Maura Vandyke teaches Irish step dance.Maura Vandyke teaches Irish step dance.
Maura Vandyke teaches Irish step dance.

Maura Vandyke teaches Irish step dance.

BY Molly Congdon
Gazette Reporter
CLIFTON PARK —
“In Dublin’s fair city,
Where the girls are so pretty,
I first set my eyes on sweet Molly Malone,
As she wheeled her wheel-barrow,
Through the streets broad and narrow,
Crying, ‘Cockles and mussels, alive, alive, oh!”

“Molly Malone”
Unofficial Dublin anthem

“Twas a wonderful craft, she was rigged fore-and-aft,
And oh, how the wild winds drove her.
She’s got several blasts, she’d 27 masts,
And we called her the Irish Rover.”

“The Irish Rover”
Irish folk song

St. Patrick, patron saint of Ireland and legendary snake whisperer, has a lot of fans each March 17.

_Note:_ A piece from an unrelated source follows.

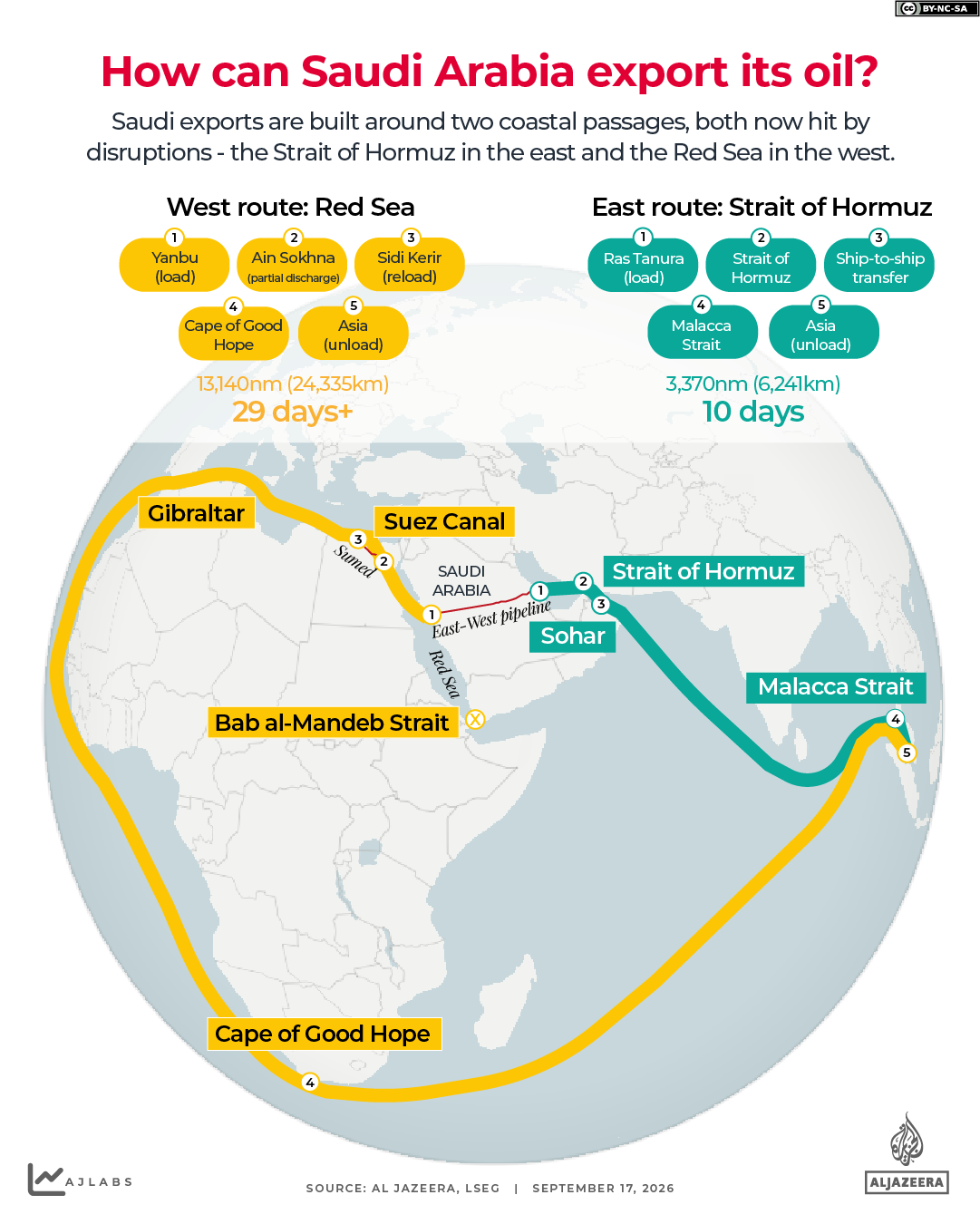 INTERACTIVE Saudi Oil hormuz mandeb red sea suez trade-1789635470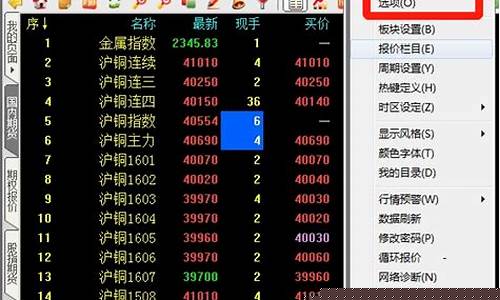 电脑版期货行情网页(电脑看期货行情用什么软件)_https://www.hhem8.com_创业板_第1张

Every St. Pat’s Day, people wear shades of green from head to toe, rock shamrock-shaped sunglasses and enthusiastically slake their thirst with pints of green beer.

But not everyone celebrates this holiday by becoming completely inebriated. Some people go a more traditional route and do some Irish step dancing.

Maura Vandyke has been perfecting the art since 1986, when she was 4 years old. Her childhood was spent competing all over at traditional Gaelic arts and culture festivals. Her father, Patrick Hale Jr., has played a significant role in this aspect of her life; the two competed together in the Parent-Child Dance category, and won more than 50 contests.

Now she shares her expertise of Irish dance culture with her students at the Stars of Dance studio, located off of Route 146, with classes beginning every September. Her youngest pupil is 6 and the oldest is 17. Her father teaches the adult classes in Irish dancing.

On March 14, her girls showed off their jig capabilities at Powers Inn and Pub, at 130 Meyer Road. “We have a half-hour slot with five different dances taking place during that time, consisting of a reel, jig and slip jig, three of the four most common Irish step dances.”

The performers make it look so fluid and easy that spectators may want to try some of the moves. For those of you who witnessed some stellar Irish step dancing while celebrating Saint Patrick’s Day, here are some tips to help you start tapping your feet:

Stay on your toes: As in most sports, it’s important to remain on the balls of your feet. “Your toes need to be pointed,” Vandyke said. “Your calf muscles are responsible for lifting your heel off the ground.”

Keep rhythm: If you lack this necessary skill, your movements will most likely not look very pretty. “It all goes back to the beat,” Hale said. “There’s the one, two, three; one, two, three, four; or one, two, three, four, five,” Vandyke said. “Even more modern music like Michael Jackson songs and Queen’s ‘Another One Bites the Dust.’ ”

Smile: You can never go wrong by flashing your pearly whites to an audience, even if it’s just members of your family. “If you mess up, normally no one knows that except for you,” Vandyke said. “Just keep going.”